* **DATASET RECORDS**
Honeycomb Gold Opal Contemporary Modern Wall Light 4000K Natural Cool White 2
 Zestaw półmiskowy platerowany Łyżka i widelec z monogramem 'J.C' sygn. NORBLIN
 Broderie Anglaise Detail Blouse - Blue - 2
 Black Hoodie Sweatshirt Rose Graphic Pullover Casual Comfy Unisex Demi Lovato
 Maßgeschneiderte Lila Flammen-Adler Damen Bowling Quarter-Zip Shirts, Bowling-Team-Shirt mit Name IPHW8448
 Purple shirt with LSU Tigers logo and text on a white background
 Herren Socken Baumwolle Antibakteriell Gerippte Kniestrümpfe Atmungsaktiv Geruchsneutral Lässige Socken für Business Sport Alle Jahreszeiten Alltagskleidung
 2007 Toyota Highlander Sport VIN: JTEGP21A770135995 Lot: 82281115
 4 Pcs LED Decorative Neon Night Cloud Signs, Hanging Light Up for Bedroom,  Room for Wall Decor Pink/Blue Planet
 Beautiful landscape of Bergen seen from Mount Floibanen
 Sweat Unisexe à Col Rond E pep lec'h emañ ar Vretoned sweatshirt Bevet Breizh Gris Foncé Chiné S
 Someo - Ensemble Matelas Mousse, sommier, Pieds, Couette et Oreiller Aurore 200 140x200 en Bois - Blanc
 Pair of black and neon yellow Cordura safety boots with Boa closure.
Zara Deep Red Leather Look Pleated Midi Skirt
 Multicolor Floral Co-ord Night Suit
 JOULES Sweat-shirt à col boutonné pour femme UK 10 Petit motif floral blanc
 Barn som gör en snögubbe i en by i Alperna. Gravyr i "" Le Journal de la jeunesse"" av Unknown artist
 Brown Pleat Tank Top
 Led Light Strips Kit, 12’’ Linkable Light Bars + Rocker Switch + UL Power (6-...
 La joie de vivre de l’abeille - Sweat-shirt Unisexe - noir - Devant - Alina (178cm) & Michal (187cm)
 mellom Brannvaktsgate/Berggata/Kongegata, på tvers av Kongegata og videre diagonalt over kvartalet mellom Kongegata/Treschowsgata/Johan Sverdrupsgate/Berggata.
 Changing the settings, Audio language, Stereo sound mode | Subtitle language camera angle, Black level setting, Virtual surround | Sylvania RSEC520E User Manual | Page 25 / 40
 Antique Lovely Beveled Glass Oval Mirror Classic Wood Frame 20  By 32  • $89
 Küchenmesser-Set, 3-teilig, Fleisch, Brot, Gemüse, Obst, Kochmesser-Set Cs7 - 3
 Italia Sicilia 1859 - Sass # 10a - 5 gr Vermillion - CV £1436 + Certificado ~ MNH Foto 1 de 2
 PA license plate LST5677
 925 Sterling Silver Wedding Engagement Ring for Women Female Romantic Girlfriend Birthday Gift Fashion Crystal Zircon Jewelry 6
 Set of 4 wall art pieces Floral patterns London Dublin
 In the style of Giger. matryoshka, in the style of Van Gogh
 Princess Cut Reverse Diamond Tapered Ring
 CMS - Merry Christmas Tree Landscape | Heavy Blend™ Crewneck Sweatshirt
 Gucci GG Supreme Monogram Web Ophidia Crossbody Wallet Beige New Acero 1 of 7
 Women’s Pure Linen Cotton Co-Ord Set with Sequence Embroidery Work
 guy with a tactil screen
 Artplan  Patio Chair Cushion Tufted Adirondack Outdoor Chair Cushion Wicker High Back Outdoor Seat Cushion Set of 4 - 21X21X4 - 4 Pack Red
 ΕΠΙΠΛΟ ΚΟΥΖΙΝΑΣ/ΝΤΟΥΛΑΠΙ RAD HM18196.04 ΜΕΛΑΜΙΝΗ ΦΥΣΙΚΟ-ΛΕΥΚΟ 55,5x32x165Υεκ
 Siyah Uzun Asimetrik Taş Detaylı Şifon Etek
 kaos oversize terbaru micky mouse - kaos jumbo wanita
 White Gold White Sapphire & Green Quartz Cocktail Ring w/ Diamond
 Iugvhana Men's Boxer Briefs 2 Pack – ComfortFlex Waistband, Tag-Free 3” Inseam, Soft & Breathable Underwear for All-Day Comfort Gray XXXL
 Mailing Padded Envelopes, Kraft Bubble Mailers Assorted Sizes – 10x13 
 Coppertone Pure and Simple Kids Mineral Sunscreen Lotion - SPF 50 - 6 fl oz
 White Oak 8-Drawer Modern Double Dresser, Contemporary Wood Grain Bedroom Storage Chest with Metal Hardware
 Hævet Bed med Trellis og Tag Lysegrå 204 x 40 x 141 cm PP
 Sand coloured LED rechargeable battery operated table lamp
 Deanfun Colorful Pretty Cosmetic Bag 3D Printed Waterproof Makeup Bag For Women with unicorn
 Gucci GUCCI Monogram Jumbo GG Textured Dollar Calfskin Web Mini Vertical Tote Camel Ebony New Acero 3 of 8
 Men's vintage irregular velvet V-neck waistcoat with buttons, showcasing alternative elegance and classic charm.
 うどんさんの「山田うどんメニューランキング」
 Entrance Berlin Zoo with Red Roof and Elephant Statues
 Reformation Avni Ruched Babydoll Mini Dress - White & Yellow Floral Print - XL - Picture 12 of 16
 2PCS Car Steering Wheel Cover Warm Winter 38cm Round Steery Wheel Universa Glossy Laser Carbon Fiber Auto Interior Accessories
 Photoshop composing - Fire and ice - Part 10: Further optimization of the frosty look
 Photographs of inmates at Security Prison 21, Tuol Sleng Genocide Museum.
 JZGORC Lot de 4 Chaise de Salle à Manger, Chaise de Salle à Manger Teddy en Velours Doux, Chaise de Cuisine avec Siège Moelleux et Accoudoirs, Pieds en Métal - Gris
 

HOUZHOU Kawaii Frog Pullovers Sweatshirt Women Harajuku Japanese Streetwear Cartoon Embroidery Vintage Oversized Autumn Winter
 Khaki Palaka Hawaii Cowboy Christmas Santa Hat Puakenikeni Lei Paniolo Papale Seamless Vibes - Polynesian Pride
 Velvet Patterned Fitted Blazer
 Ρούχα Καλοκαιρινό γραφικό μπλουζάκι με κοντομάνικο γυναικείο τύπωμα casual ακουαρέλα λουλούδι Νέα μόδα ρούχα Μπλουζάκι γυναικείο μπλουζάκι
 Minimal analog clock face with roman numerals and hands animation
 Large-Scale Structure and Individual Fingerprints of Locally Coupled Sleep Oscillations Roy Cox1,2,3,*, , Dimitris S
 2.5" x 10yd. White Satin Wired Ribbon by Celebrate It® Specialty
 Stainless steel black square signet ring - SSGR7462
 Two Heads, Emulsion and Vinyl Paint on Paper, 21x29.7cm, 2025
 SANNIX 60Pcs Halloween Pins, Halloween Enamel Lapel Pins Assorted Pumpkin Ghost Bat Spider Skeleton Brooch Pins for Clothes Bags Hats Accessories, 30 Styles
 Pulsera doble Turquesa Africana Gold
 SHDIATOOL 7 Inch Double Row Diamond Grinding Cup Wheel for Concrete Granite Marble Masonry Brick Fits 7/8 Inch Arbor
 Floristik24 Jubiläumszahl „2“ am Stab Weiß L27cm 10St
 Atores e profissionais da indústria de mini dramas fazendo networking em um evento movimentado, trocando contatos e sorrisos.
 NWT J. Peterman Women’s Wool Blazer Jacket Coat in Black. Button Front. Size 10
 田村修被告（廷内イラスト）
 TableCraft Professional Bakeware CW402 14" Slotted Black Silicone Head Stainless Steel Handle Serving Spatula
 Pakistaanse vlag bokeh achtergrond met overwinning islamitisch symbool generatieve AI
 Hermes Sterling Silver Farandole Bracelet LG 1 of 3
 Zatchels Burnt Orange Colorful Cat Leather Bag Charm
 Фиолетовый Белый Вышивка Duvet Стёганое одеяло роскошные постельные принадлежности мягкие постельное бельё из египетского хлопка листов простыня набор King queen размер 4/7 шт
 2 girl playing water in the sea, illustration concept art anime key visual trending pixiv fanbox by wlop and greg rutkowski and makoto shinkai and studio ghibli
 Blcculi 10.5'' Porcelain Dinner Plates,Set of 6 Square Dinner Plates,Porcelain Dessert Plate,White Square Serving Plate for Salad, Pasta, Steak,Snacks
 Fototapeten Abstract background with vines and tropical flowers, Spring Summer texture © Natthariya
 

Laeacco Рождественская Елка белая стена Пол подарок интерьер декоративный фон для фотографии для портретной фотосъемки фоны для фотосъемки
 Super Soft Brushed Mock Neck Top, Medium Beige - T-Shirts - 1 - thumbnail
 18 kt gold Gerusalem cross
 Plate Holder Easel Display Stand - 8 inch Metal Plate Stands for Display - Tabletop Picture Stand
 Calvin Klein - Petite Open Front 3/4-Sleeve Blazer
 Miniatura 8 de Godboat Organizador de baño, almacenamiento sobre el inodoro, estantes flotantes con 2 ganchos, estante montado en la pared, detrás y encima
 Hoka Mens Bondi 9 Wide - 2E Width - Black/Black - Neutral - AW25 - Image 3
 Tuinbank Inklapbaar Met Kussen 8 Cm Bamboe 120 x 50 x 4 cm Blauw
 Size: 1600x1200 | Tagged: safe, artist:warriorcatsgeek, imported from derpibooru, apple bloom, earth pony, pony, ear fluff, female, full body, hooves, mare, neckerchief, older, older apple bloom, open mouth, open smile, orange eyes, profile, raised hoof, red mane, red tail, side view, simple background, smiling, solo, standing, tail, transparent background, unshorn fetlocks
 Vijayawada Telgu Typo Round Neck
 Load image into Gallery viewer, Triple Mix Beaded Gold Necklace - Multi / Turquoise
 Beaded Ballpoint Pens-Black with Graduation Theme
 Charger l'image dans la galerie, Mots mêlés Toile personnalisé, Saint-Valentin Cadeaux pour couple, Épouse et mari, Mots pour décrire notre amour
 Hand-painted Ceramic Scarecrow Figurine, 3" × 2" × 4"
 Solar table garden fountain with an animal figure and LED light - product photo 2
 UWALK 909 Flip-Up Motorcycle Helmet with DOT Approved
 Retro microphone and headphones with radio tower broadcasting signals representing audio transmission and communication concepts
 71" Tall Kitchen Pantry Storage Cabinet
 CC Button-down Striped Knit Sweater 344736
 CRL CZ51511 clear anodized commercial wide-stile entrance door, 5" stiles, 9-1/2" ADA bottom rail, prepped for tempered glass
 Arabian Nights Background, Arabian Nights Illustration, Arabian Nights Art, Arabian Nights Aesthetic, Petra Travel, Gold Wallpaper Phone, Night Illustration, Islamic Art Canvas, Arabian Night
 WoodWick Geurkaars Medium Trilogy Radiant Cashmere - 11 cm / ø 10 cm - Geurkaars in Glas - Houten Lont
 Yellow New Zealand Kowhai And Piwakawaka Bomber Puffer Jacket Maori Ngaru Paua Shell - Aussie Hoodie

* **WORK INSTRUCTIONS**
What is needed is every line from the beginning of the data up to and including the line with "2007 Toyota Highlander", given again word for word.

* **EXPECTED OUTPUT**
Honeycomb Gold Opal Contemporary Modern Wall Light 4000K Natural Cool White 2
 Zestaw półmiskowy platerowany Łyżka i widelec z monogramem 'J.C' sygn. NORBLIN
 Broderie Anglaise Detail Blouse - Blue - 2
 Black Hoodie Sweatshirt Rose Graphic Pullover Casual Comfy Unisex Demi Lovato
 Maßgeschneiderte Lila Flammen-Adler Damen Bowling Quarter-Zip Shirts, Bowling-Team-Shirt mit Name IPHW8448
 Purple shirt with LSU Tigers logo and text on a white background
 Herren Socken Baumwolle Antibakteriell Gerippte Kniestrümpfe Atmungsaktiv Geruchsneutral Lässige Socken für Business Sport Alle Jahreszeiten Alltagskleidung
 2007 Toyota Highlander Sport VIN: JTEGP21A770135995 Lot: 82281115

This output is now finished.